Sie entführen in eine andere Zeit und in die Welt der grossen Revuen: die Kostüme, die die Kessler-Zwillinge im Laufe ihrer langen Karriere getragen haben. Dutzende kommen nun unter den Hammer.

Die Kessler-Zwillinge, Alice (l.) und Ellen mit zwei Mini-Neckholderkleidern aus der Zeit um 1976.
Die Kessler-Zwillinge, Alice (l.) und Ellen mit zwei Mini-Neckholderkleidern aus der Zeit um 1976. - Lennart Preiss/dpa

Das Wichtigste in Kürze

  • Die Haltung aufrecht, die Bewegungen grazil, das Lächeln charmant: Auch mit 86 Jahren strahlen Alice und Ellen Kessler eine Eleganz aus, die sich in den glitzernden Kostümen um sie herum widerspiegelt.

Die glamourösen Kleidungsstücke sind Wegbegleiter aus mehreren Jahrzehnten, in denen die beiden als Kessler-Zwillinge auf den ganz grossen Show-Bühnen der Welt standen.

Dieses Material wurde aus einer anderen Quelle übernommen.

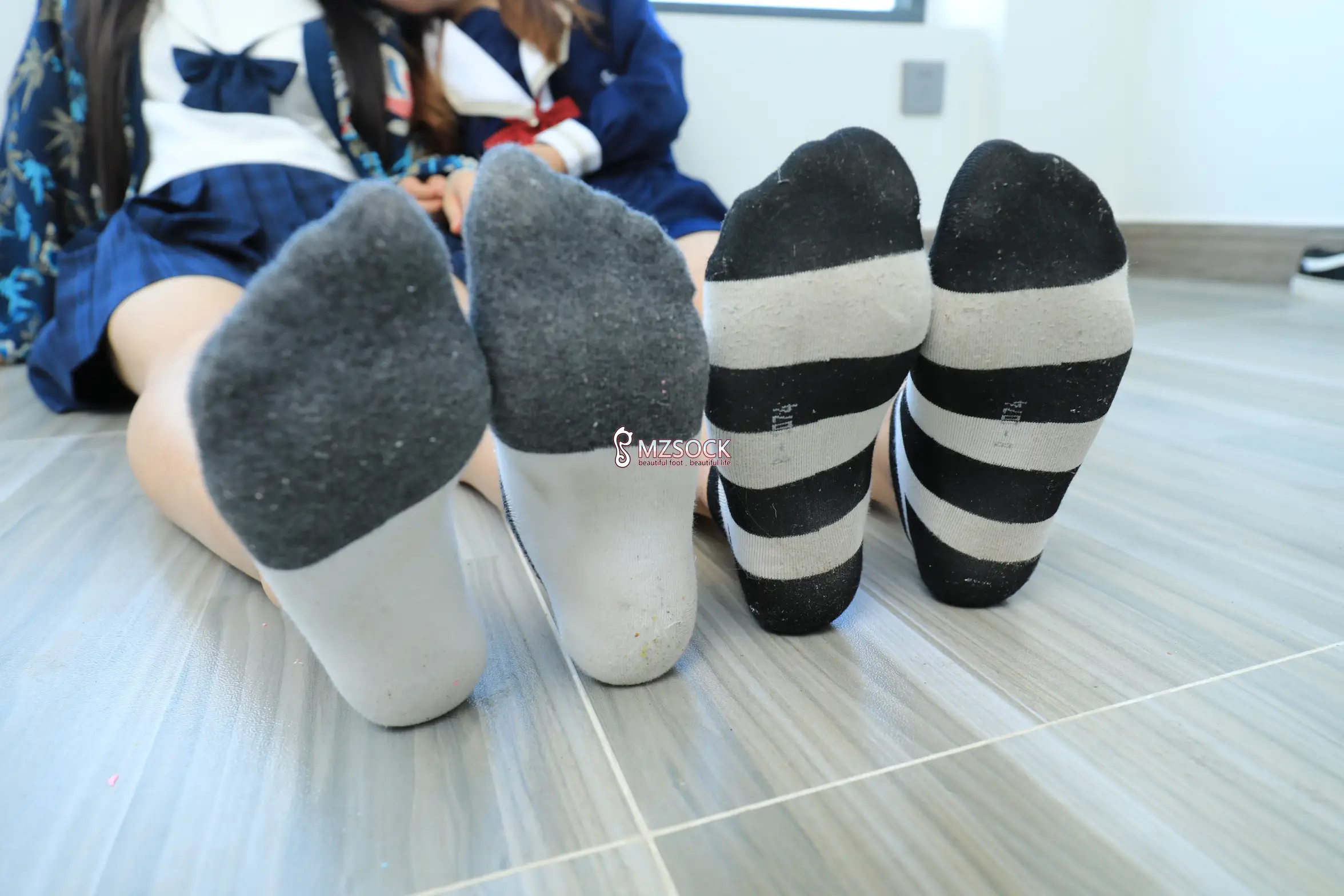 [Mzsock] Love beautiful feet NO.053 fruit#[52P]-23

Dort verzückten sie nicht nur Elvis Presley, Frank Sinatra und Harry Belafonte als absolut synchrone Tänzerinnen, als Sängerinnen und Schauspielerinnen. Nun haben sich die beiden von einem Teil ihrer Vergangenheit getrennt: Sie lassen mehr als 50 Kostüme zugunsten der Flutopfer im Ahrtal im Westen Deutschlands versteigern.

Als sie die schockierenden Bildern im Sommer vergangenen Jahres gesehen habe, habe sie zu ihrer Schwester gesagt: «Wir treten nicht mehr auf, wir können die Kostüme nicht mehr nutzen, sie hängen bei uns unnötig herum - spenden wir sie doch», erinnerte sich Ellen Kessler bei der Auftaktveranstaltung der Benefiz-Auktion am Mittwoch in München. Die Kostüme können nun bis zum 30. Oktober online über das Auktionshaus Neumeister ersteigert werden.

Ein Nixenkostüm von 1956

Obwohl die beiden Damen noch immer gertenschlank sind und zumindest in einen Teil der Kostüme in der XS-Grösse 34 noch hineinpassen, machte das fortgeschrittene Alter die Entscheidung leichter, sich endgültig von den Einzelstücken zu trennen. «Sie sind zu ausgeschnitten, und das tragen wir nicht mehr. Man sollte seinem Alter gerecht werden», betonte Ellen Kessler mit Blick auf die tiefen Dekolletees und freizügigen Schnitte, die die langen Beine der eineiigen Zwillinge perfekt zur Geltung brachten.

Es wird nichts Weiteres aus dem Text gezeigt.